“If it were a quite alive garden, how wonderful it would be…”

March 26, 2012 @ 7:54 pm | Filed under: Books, Gardening

I have to clarify something. In the Two Gardeners ramble I said Katharine White’s Onward and Upward in the Garden was the first horticultural tome I ever fell in love with, but that isn’t exactly true. At first I wrote “the first gardening book I ever fell in love with,” and immediately I knew that wasn’t right: that honor goes to (for me, as for so many others) The Secret Garden—a book I have read at least twenty times in my life, and I think that is a conservative estimate. It might be nearer thirty.

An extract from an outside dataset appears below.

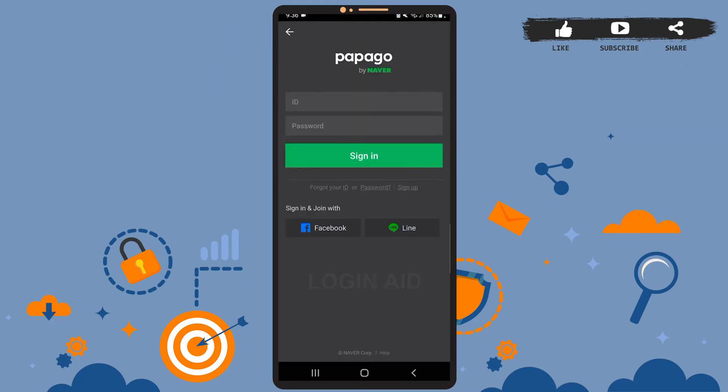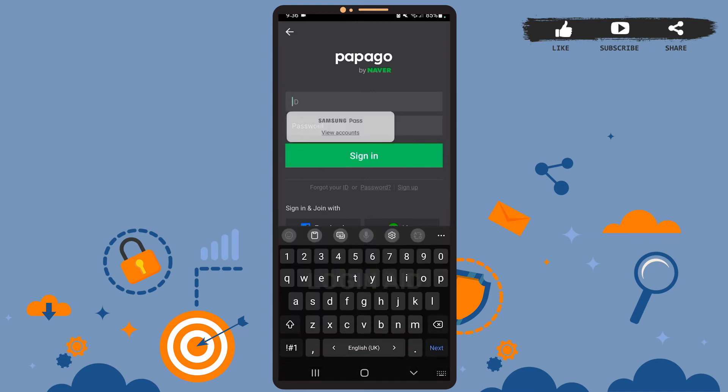As you can see on the screen, you can log in using your Facebook account or even your Line account if you want to. For this tutorial, I'll be using the ID and password, so first of all enter your ID.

So I changed “gardening book” to “horticultural tome,” not wanting, that day, to digress into the many pages of reasons why The Secret Garden is a book that shaped me, and either it was what taught me to thrill at the first sign of a green shoot poking out of cool spring soil, or else it gave me words to articulate that thrill I always felt. Either way, it was a book that explained me to me, and I would not be me without it. I was not temperamentally sour like Mary, nor sickly like Colin, nor wise like Dickon. I was probably more like Martha, the maid, than anyone else in that book, though I longed to comprehend the languages of foxes and larks, like Dickon, and to be daring and stubborn like Mary, and I admired the way Colin’s mind would fix on something and turn it over and over until he made sense of it. I understood Mary’s rush of emotion and thumping heart at the signs of spring creeping like a green mist over the dead, gray garden. I too yearned for my own bit of earth. (And got it: my mother gave us each a section of her flower bed to be our own. I grew snapdragons and moss roses, and they are still among my favorites and I cannot be without them.) Like Mary, I wanted to know the names of things and how to keep them “quite alive—quite,” and to converse with saucy robins and to smell the wind over the heather.

Sometimes I think there is no finer sentence in all of literature than: “She was standing inside the secret garden.”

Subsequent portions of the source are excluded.